*** Opening of Data excerpt ***

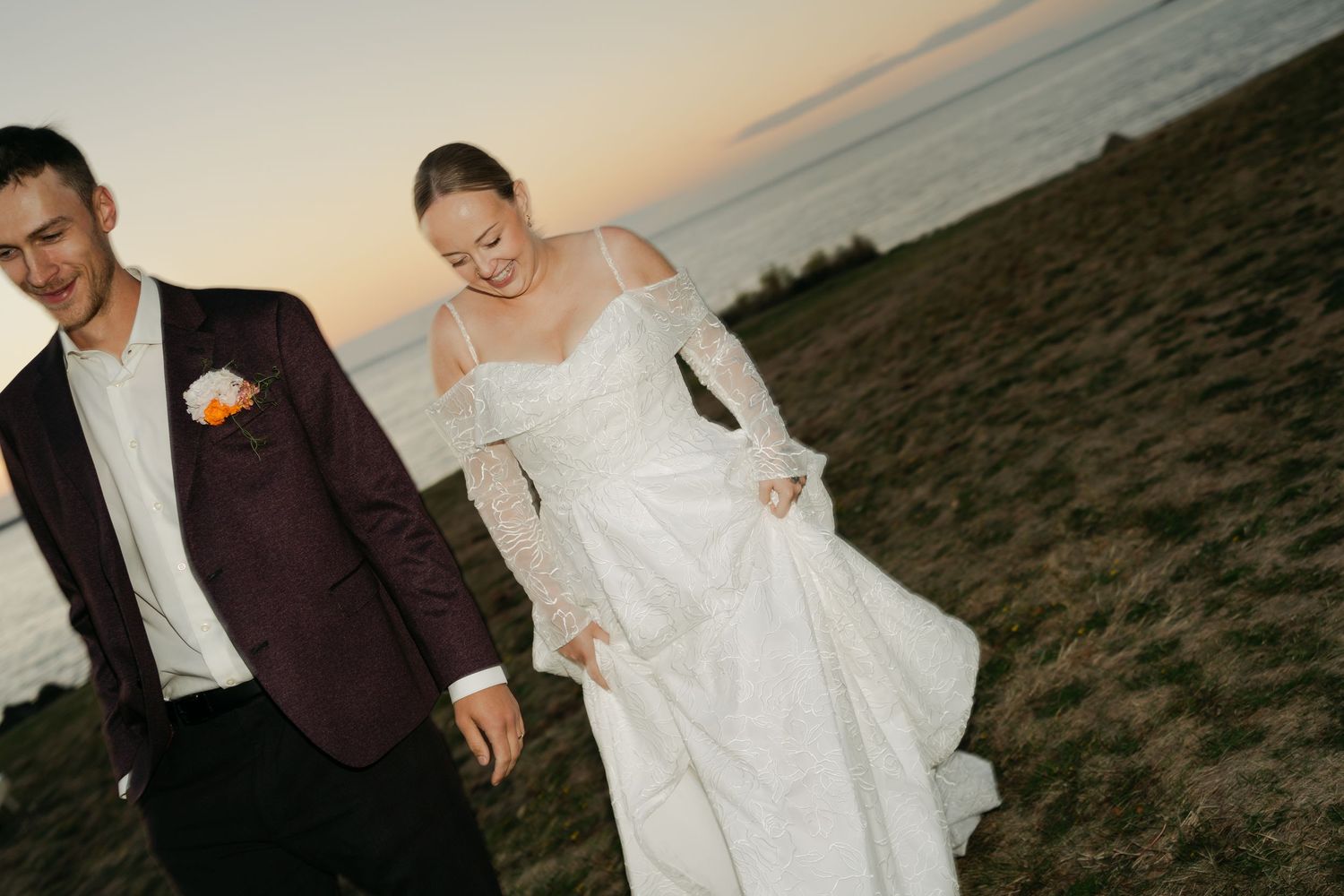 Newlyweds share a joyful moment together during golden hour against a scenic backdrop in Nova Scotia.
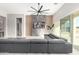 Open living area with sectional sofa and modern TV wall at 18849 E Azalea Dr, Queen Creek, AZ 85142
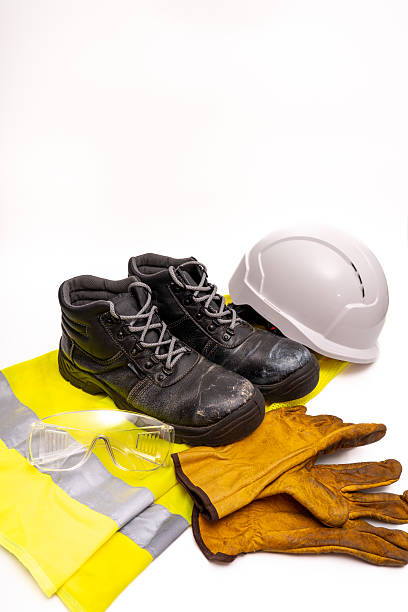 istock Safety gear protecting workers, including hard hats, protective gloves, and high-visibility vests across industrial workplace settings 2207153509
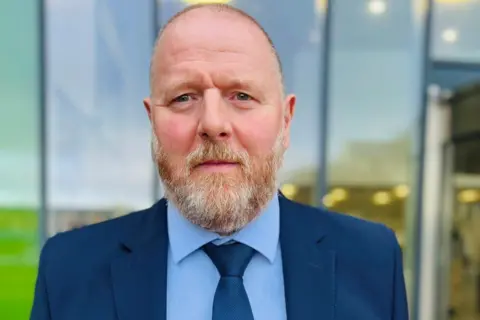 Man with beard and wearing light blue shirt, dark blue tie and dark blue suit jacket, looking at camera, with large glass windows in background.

*** Close of Data excerpt ***

[Assigned task]: Your answer must be an exact copy of the data above, minus its pictures.

[Response to this exercise]:
 Newlyweds share a joyful moment together during golden hour against a scenic backdrop in Nova Scotia.
 Open living area with sectional sofa and modern TV wall at 18849 E Azalea Dr, Queen Creek, AZ 85142
 istock Safety gear protecting workers, including hard hats, protective gloves, and high-visibility vests across industrial workplace settings 2207153509
 Man with beard and wearing light blue shirt, dark blue tie and dark blue suit jacket, looking at camera, with large glass windows in background.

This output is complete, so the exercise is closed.